The corresponding Narwhals DType object

Examples:

>>> deserialize_dtype("Int64")
Int64
>>> deserialize_dtype("List(String)")
List(String)
>>> deserialize_dtype("Datetime(time_unit='ms', time_zone='UTC')")
Datetime(time_unit='ms', time_zone='UTC')
Source code in anyschema/serde.py
def deserialize_dtype(into_dtype: str) -> DType:
    """Deserialize a string representation of a Narwhals dtype back to the dtype object.

    Handles both simple and complex nested types using regex and recursion.

    Arguments:
        into_dtype: String representation of the dtype (e.g., "Int64", "List(String)",
            "Struct({'a': Int64, 'b': List(String)})")

    Returns:
        The corresponding Narwhals DType object

    Examples:
        >>> deserialize_dtype("Int64")
        Int64
        >>> deserialize_dtype("List(String)")
        List(String)
        >>> deserialize_dtype("Datetime(time_unit='ms', time_zone='UTC')")
        Datetime(time_unit='ms', time_zone='UTC')
    """
    if (dtype := NON_COMPLEX_MAPPING.get(into_dtype)) is not None:
        return dtype

    if datetime_match := RGX_DATETIME.match(into_dtype):
        time_unit = cast("TimeUnit", datetime_match.group("time_unit"))
        time_zone = datetime_match.group("time_zone")
        return Datetime(time_unit=time_unit, time_zone=time_zone)

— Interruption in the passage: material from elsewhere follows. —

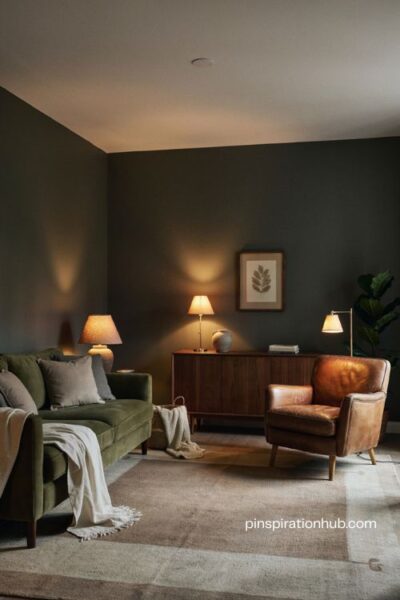 Moody living room with layered warm lighting table lamps floor lamp and cozy textures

    if duration_match := RGX_DURATION.match(into_dtype):
        time_unit = cast("TimeUnit", duration_match.group("time_unit"))
        return Duration(time_unit=time_unit)

    if enum_match := RGX_ENUM.match(into_dtype):
        categories = ast.literal_eval(enum_match.group("categories"))
        return Enum(categories=categories)

    if list_match := RGX_LIST.match(into_dtype):
        inner_type = deserialize_dtype(list_match.group("inner_type"))
        return List(inner_type)

    if array_match := RGX_ARRAY.match(into_dtype):
        inner_type = deserialize_dtype(array_match.group("inner_type"))
        shape = ast.literal_eval(array_match.group("shape"))
        return Array(inner_type, shape=shape)

    if struct_match := RGX_STRUCT.match(into_dtype):
        fields = _parse_struct_fields(struct_match.group("fields"))
        return Struct(fields)

    msg = f"Unable to deserialize '{into_dtype}' into a Narwhals DType"
    raise UnsupportedDTypeError(msg)

serialize_dtype(dtype: DType) -> str

Serialize a Narwhals dtype to its string representation.

Converts a Narwhals dtype object into a string that can be stored or transmitted and later reconstructed using deserialize_dtype. The serialization is based on the dtype's string representation.

Parameters:

Name Type Description Default
dtype DType

A Narwhals DType object to serialize

required

Returns:

Type Description
str

String representation of the dtype (e.g., "Int64", "List(String)", "Struct({'a': Int64, 'b': String})")

Examples:

>>> serialize_dtype(Int64())
'Int64'
>>> serialize_dtype(List(String()))
'List(String)'
>>> serialize_dtype(Datetime(time_unit="ms", time_zone="UTC"))
"Datetime(time_unit='ms', time_zone='UTC')"
>>> serialize_dtype(Struct({"a": Int64(), "b": String()}))
"Struct({'a': Int64, 'b': String})"
Source code in anyschema/serde.py
def serialize_dtype(dtype: DType) -> str:
    """Serialize a Narwhals dtype to its string representation.

    Converts a Narwhals dtype object into a string that can be stored or transmitted
    and later reconstructed using `deserialize_dtype`. The serialization is based on
    the dtype's string representation.

    Arguments:
        dtype: A Narwhals DType object to serialize

    Returns:
        String representation of the dtype (e.g., "Int64", "List(String)", "Struct({'a': Int64, 'b': String})")

    Examples:
        >>> serialize_dtype(Int64())
        'Int64'
        >>> serialize_dtype(List(String()))
        'List(String)'
        >>> serialize_dtype(Datetime(time_unit="ms", time_zone="UTC"))
        "Datetime(time_unit='ms', time_zone='UTC')"
        >>> serialize_dtype(Struct({"a": Int64(), "b": String()}))
        "Struct({'a': Int64, 'b': String})"
    """
    return str(dtype)